Translation

12 April 2008

Walking Copses?

The Militant Atheists are finally getting to the heart of the argument. They are questioning Christian beliefs, such as virgin birth and resurrection from the dead, head-on. This is due to some Christians’ insistence that Atheists should study theology first to really know what Christians believe. The Atheist's response is that the Nicene Creed gives all that is necessary to critique.

They say that the creed is irrational dogma that cannot be proven. It is said that Christians have been dodging this point in all the Atheist-Theist/Deist debates. I would like to address this.

All Christianity is grounded in the belief that Jesus the Christ came back to life, or “rose from the dead”, after His crucifixion and burial. This point is in the creed. However, after this point, Atheists need to study some theology that is beyond the creed to understand what this really means. This point in Christian theology is crucial in understanding Christianity.

St. Paul summarizes the necessity of this belief in the best way. If Jesus did not rise from the dead, ”your faith is vain; you are still in your sins. Then those who have fallen asleep in Christ have perished. If for this life only we have hoped in Christ, we are the most pitiable people of all.” (1 Corr 15: 17b-19)

Atheists say that Christians believe in “walking corpses”. In fact, the above small dive into the Christian Bible reveals that Christians actually do not believe that Christ became a “walking corpse”, but that he became a changed man. A few more Bible passages give the backdrop.

On the evening of that first day of the week, when the doors were locked, where the disciples were, for fear of the Jews, Jesus came and stood in their midst and said to them, "Peace be with you." When he had said this, he showed them his hands and his side. The disciples rejoiced when they saw the Lord. (Jesus) said to them again, "Peace be with you. As the Father has sent me, so I send you." And when he had said this, he breathed on them and said to them, "Receive the holy Spirit. Whose sins you forgive are forgiven them, and whose sins you retain are retained. (John 20: 19-23)

But someone may say, "How are the dead raised? With what kind of body will they come back?" You fool! What you sow is not brought to life unless it dies. And what you sow is not the body that is to be but a bare kernel of wheat, perhaps, or of some other kind; but God gives it a body as he chooses, and to each of the seeds its own body. … So also is the resurrection of the dead. It is sown corruptible; it is raised incorruptible. It is sown dishonorable; it is raised glorious. It is sown weak; it is raised powerful. It is sown a natural body; it is raised a spiritual body. If there is a natural body, there is also a spiritual one. (1 Corr 15: 35-38, 42-44)

In the Gospel of John, Jesus came to his Apostles even though the doors to the room in which they were was locked, and he breathed on them. In 1 Corr, St. Paul describes the resurrected body as incorruptible in contrast to our current corruptible body, or “seed”. Christ was the first person to experience this transformation. Christians believe that on the last day of this corruptible world, or Judgment Day, the faithful dead will rise to incorruptibility on the New Earth.
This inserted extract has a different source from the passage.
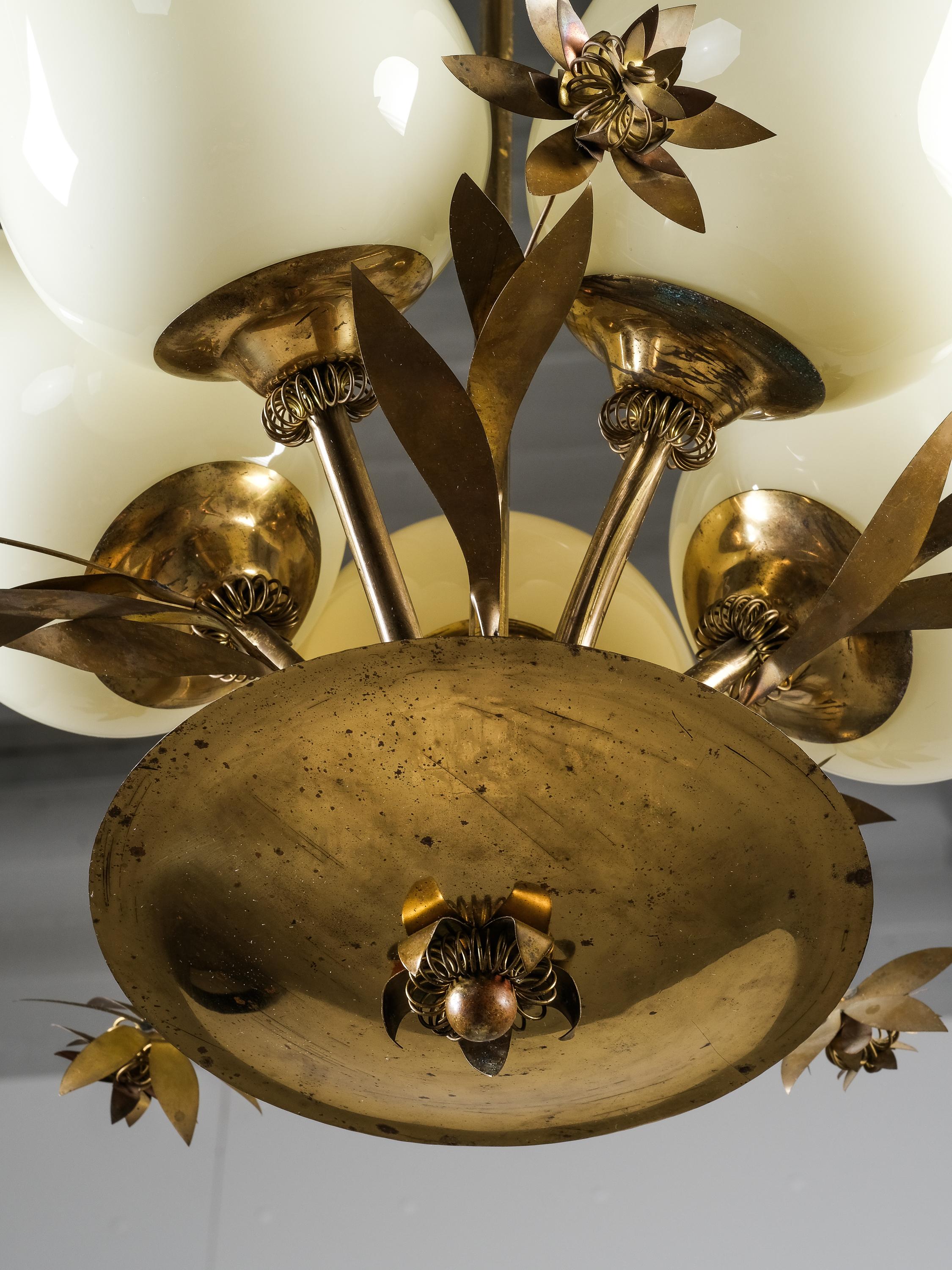 Lampe lustre modèle 501-5 en laiton et verre par Stockmann, Finlande, années 1950 en vente 1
So, in judging Christianity, its most fundamental tenet must be examined more closely by Atheists. Christians actually don’t believe that “rising from the dead” brings about zombies or half-dead persons. By looking at the Christian Bible, it can be seen that Christians actually believe that people can come back after death changed in the best possible way (“incorruptible”).

Atheists as well as Christians realize that the rising of Jesus approximately 2000 years ago in history and the future rising of the world’s dead cannot be proven. However, these events have taken or will take place outside our empirical domain, i.e., not in our testable, or empirical time and space. One must take it on informed faith through the Bible and Church Tradition from the Apostles, or first-hand witnesses that these events did and will happen.

Further, one can arrive at Christian belief in other ways. Since many historical Christian tenets are not provable directly, one must look indirectly at the available historical data. As described in Your God is Too Small, by J.B. Phillips, it stands to wonder how a cowering group of Jews (the Apostles) in the ancient Middle East went onto become boisterous and vociferous spreaders of “The Way” (of Christ). “Nor was this a short-lived spirit of defiant courage, but a steady flame of conviction which baffled, embarrassed, and infuriated the authorities for years as the [Christian] movement began to spread throughout the then-known world.” (Part 2, Section VIII, subsection 1)

Also note Part I, Section X, “Perennial Grievance”, or “God is a Disappointment”: “God will inevitably appear to disappoint the man who is attempting to use Him as a convenience, a prop, or a comfort, for his own plans. God has never been known to disappoint the man who is sincerely wanting to co-operate with His own [God’s] purposes. … But they [the former men] misunderstand the conditions of this present temporary life in which God withholds His Hand, in order, so to speak, to allow room for His plan of free-will to work itself out. Justice will be fully vindicated when the curtain falls on the present stage, the house-lights go on, and we go out into the Real World.”)

Yes, I admit that I don’t know with 100% certainty that a Jew from ancient Palestine rose from the dead, but I have faith and hope that he will prove me right when the time is right for His return in Glory.